La bruxellisation de Montréal

Le point de non retour est fixé : en 2016, Montréal sera majoritairement anglaise

Anglicisation du Québec

Il y en a encore pour se dire surpris de la régression du français à Montréal. Les chiffres présentés par Pierre Curzi sont pourtant connus depuis un bon moment. À tout le moins, personne ne pourra prétendre ne pas avoir entendu l’alarme. Le point de non retour est fixé : en 2016, Montréal sera majoritairement anglaise.
Le Parti libéral s’est contenté de reprendre le refrain du politiquement correct avec une mise en garde contre la paranoïa identitaire. D’autres crieront probablement à l’alarmisme, surtout chez les praticiens d’une certaine démographie faisant tout pour neutraliser statistiquement la réalité de la régression du français en reconstruisant idéologiquement sans cesse les catégories permettant d’évaluer son état de santé.
Mais les faits sont têtus. Nous assistons effectivement à la désaffiliation progressive de la métropole par rapport à la société québécoise. Montréal comme Bruxelles accuse de plus en plus son contraste identitaire, linguistique et démographique avec la société dont elle est la métropole. On pourrait parler d’une bruxellisation de Montréal.
Cette dynamique de désaffiliation se concrétise avec l’apparition d’une « identité montréalaise » que revendiquent les élites de la métropole, même francophones. Parmi ces dernières, on en entend de plus en plus confesser qu’ils se reconnaissent plus d’affinités avec les Torontois, les New-Yorkais ou les Barcelonais qu’avec les gens des régions du Québec. Être « Montréalais d’abord » est la nouvelle manière tendance de se soustraire à la référence québécoise. Montréal a de plus en plus l’allure d’un laboratoire identitaire postnational et postmoderne. L’identité nationale, elle, appartiendrait à la préhistoire de la démocratie.
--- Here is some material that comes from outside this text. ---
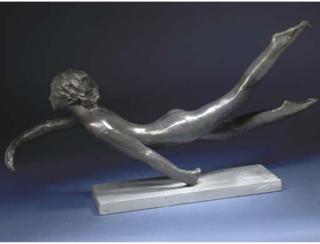 Sydney Harpley - Swimmer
Cette nouvelle dynamique porte évidemment à conséquence dans notre rapport à l’intégration des immigrants. On l’a vu avec la crise des accommodements raisonnables quand on accusait les « Québécois des régions » de ne pas comprendre les subtils équilibres identitaires de la métropole, acclimatée en profondeur à la diversité. Conséquence de cela, on demande moins aux immigrants de s’intégrer au Québec français qu’à une métropole multiculturelle qui n’exige plus d’aucune manière de prendre le pli identitaire de la majorité historique québécoise. Comment le demander, d’ailleurs, dans la mesure où cette dernière est de plus en plus une « minorité audible » dans la métropole ?
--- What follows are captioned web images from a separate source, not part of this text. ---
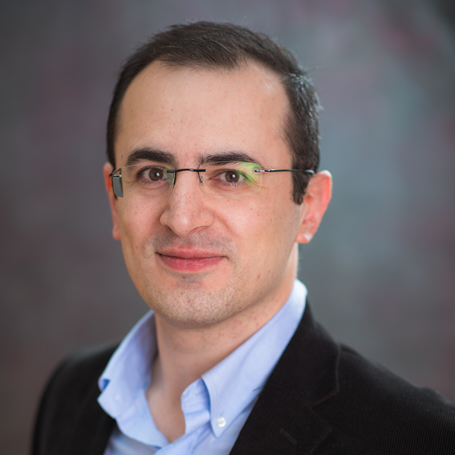 Ayaz Najafov, Ph.D.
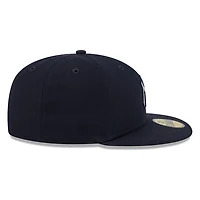 New York Yankees Navy Rhinestone Era 59FIFTY Fitted Hat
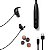 Fone Ouvido Bluetooth Pescoço Microfone Esportivo Academia - Imagem 5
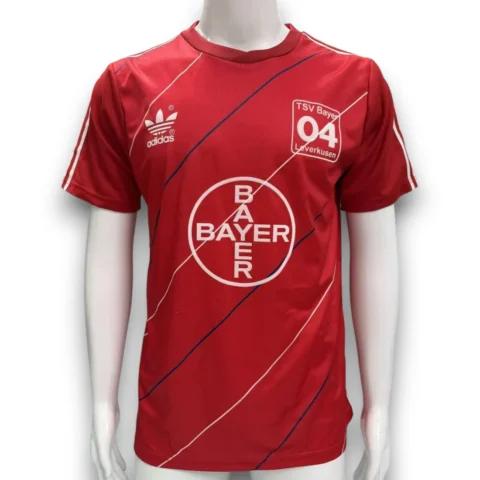 Camiseta Bayern Leverkusen 1987-1988 Local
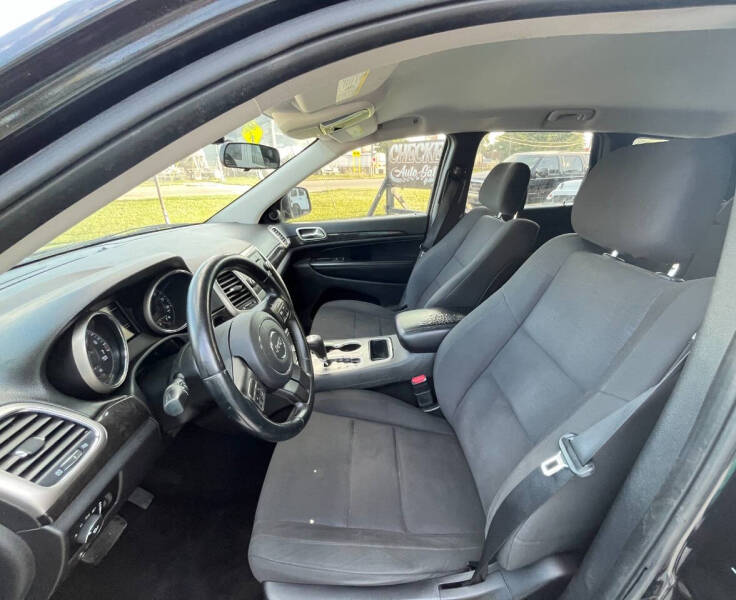 2013 Jeep Grand Cherokee Laredo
L’identité québécoise trouve sa base démographique en régression à Montréal. Sans surprise, le français n’est plus la langue qui s’impose mais celle qu’on tolère. Et qu’on tolérera de moins en moins d’autant plus que les francophones les plus en vue sont les premiers à consentir à cette forme de bilinguisme faussement cosmopolite qui masque bien mal la disparition du français comme langue d’intégration sociale. Il n’est plus rare d’entendre, dans la jeune génération, une nouvelle forme de « parler bilingue » à la Justin Trudeau où l’anglais et le français s’enchevêtrent dans un sabir détestable sauf pour ceux qui font du bricolage identitaire un idéal émancipateur.
Chose certaine, sans une métropole moderne assurant une forme d’universalité francophone en Amérique, nous assisterons à la provincialiation de la société québécoise. D’ailleurs, les souverainistes devraient s’inquiéter de la dénationalisation de Montréal. Le mouvement partitionniste qui s’est déployé après le dernier référendum réclamait l’éventuelle partition du West Island en cas d’indépendance. Si la tendance se maintient, c’est Montréal dans son ensemble qui réclamera la même chose dans de semblables circonstances en cherchant à devenir une nouvelle cité-État postmoderne.
Il reste à l’opposition péquiste à se comporter comme une opposition véritablement nationaliste en ne se contentant plus de mesures de redressement dérisoires faites pour ne pas inquiéter les gardiens de la « paix linguistique ». La reconquête de Montréal est le nouvel horizon du nationalisme québécois. On y trouvera peut-être l’occasion de rafraichir un vieux slogan qui prend ici une nouvelle jeunesse : Maîtres chez nous.